Tuttavia, lo Zagorone non si svolge in flashback se non
in poche sequenze retrospettive. L’avventura, piena di colpi di scena, è, per
il resto, narrata “in diretta” e il dramma si svolge soprattutto nel presente
dello Spirito con la Scure. C’è una fanciulla in pericolo che compare fin dalla
copertina, e che è collegata (in un modo che scoprirete leggendo) con la mamma
del nostro eroe. La storia, per quanto perfettamente e immediatamente
comprensibile da tutti, è inoltre piena di riferimenti e addentellate con altre
storie e collega fra loro varie vicende e strizza l’occhio al lettore, nella
speranza di divertirlo con il gioco di rimandi e anche con il ritorno in luoghi
già noti a chi segue la serie, come il Clear Water. Potrebbe essere divertente (invito chi ne ha voglia a farlo) rintracciare i tanti indizi.
Perché Ferri arriva solo con il terzo volume e non è
stato lui a inaugurare la collana? Perché nel 2011 Gallieno era impegnato nella
realizzazione del numero speciale a colori del cinquantennale (“Lo scrigno di
Manito”). Del resto anche Galep, per una curiosa coincidenza, realizzò il terzo
Texone dopo i primi due di Buzelli e Giolitti.
Per finire, uno spoiler. Chi non ha letto il racconto,
chiuda immediatamente gli occhi.
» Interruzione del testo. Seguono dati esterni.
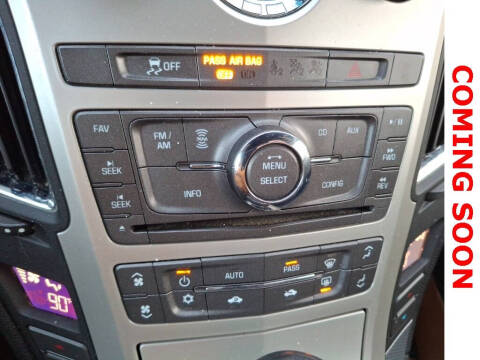 2014 Cadillac CTS 3.6L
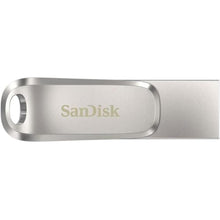 Load image into Gallery viewer, SanDisk Ultra Dual Drive Luxe USB Type-C Flash Drive, sliver_944
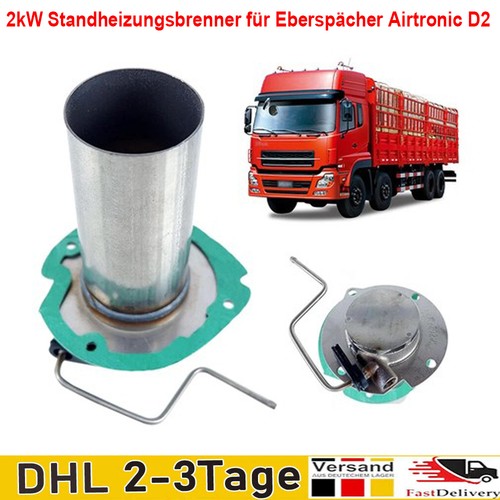 Brennkammer mit flammrohr - mit, für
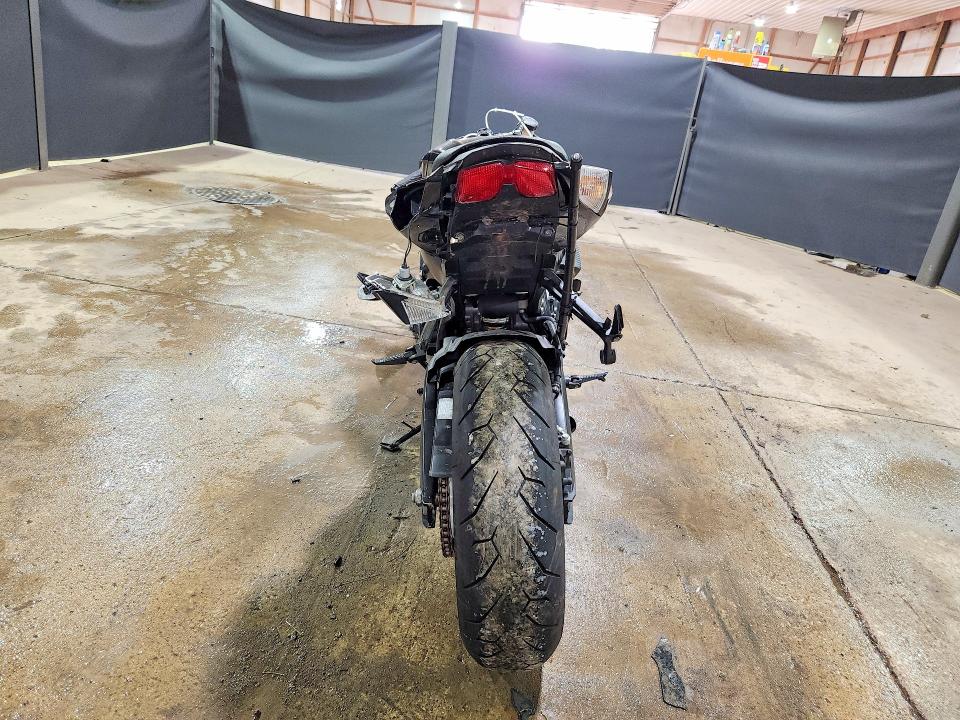Aukcja sprzedaży 2019 Suzuki Gsx-r600, vin: JS1GN7FA7K7100688, numer aukcji: 54489276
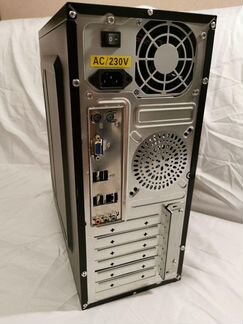 Компьютер Asus P8H61-ML/i3 2130/4гб/1TB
Cristian Di Clemente, su uBC, scrive che la
mia sceneggiatura “è attenta al tumulto interiore vissuto da Zagor,
sottolineato in varie sfumature (la commozione, il turbamento, gli scatti di
nervosismo, l'impazienza) inserite con delicato equilibrio e senza la pretesa
di trasformare lo Spirito con la Scure, tutto d'un tratto, in un 'supereroe con superproblemi'". C’è però anche il tentativo di non
trasformare in una superoina neanche Betty Wilding, o meglio Elizabeth (Lizzy)
Burton. Già il padre di Zagor è, a suo modo, una figura “eccezionale”, per
quello che ha fatto e per le conseguenze che hanno determinato le sue azioni.
Sarebbe stato strano che anche la madre fosse stata, non so, una principessa o
una nobildonna in fuga. Quello che lo Zagorone chiarisce, sorprendendo il
lettore, è che si tratta invece di una ragazza assolutamente normale, senza che
però la sua vicenda sia banale. Ciò detto, l’avventura è consegnata al vostro
giudizio, quello per il quale è stata pensata e scritta.